[ack-ish] Re: [Precise SRU] Call xen_poll_irq with interrupts disabled
Stefan Bader
stefan.bader at canonical.com
Tue Feb 5 14:24:04 UTC 2013
On 05.02.2013 15:19, Stefan Bader wrote:
> On 05.02.2013 14:25, Andy Whitcroft wrote:
>> On Mon, Feb 04, 2013 at 05:39:41PM +0100, Stefan Bader wrote:
>>> This has been sitting around for a while now. The problem is that
>>> I was not yet able to find a convincing explanation *why* this is
>>> fixing things. But testing was very positive. So its probably better
>>> to carry it as SAUCE for now, at least for Precise.
>>> I need to re-check things with latest kernels and Xen versions.
>>>
>>> -Stefan
>>>
>>> ---
>>>
>>>
>>> From e89064720b518e3c64f0fe56b11edb44125f8b7e Mon Sep 17 00:00:00 2001
>>> From: Stefan Bader <stefan.bader at canonical.com>
>>> Date: Thu, 18 Oct 2012 21:40:37 +0200
>>> Subject: [PATCH] UBUNTU: SAUCE: xen/pv-spinlock: Never enable interrupts in
>>> xen_spin_lock_slow()
>>>
>>> The pv-ops spinlock code for Xen will call xen_spin_lock_slow()
>>> if a lock cannot be obtained quickly by normal spinning.
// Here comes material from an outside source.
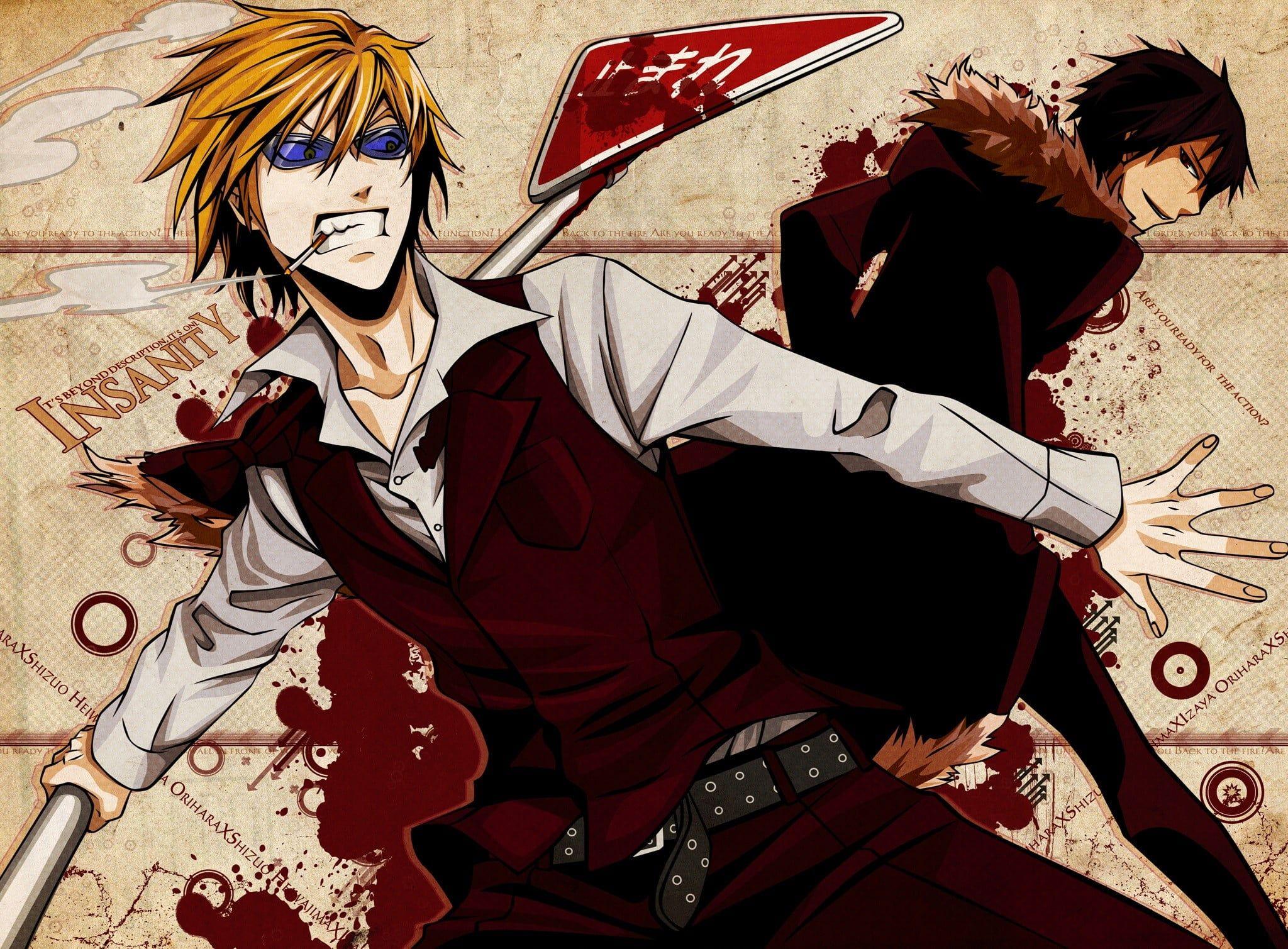 2048x1509 Insanity anime wallpaper, anime boys, cigarettes, blood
The
>>> slow variant will put the VCPU onto a waiters list, then
>>> enable interrupts (which are event channel messages in this
>>> case) and calls a hypervisor function that is supposed to return
>>> when the lock is released.
>>>
>>> Using a test case which has a lot of threads running that cause
>>> a high utilization of this spinlock code, it is observed that
>>> the VCPU which is the first one on the waiters list seems to be
>>> doing other things (no trace of the hv call on the stack) while
>>> the waiters list still has it as the head. So other VCPUs which
>>> try to acquire the lock are stuck in the hv call forever. And
>>> that sooner than later end up in some circular locking.
>>>
>>> By testing I can see this gets avoided when the interrupts are
>>> not enabled before the hv call (and disabled right after).
>>
>> I think this should read "... avoided if we leave interrupts off before
>> the call and remain off after it."
>
> It could be put that way as well. The code has interrupts disabled up to the
> point where the poll_irq hypercall is done. In the old form it could be
> (depending on the state of interrupts before the spinlock call) that interrupts
> are enabled and right after the call they get disabled again. So sometimes
> interrupts are enabled during the hypercall.
>
>>
>>> In theory this could cause a performance degression. Though it
>>> looked like the hypervisor would actuall re-enable the interrupts
>>> after some safety measures. So maybe not much regression at all.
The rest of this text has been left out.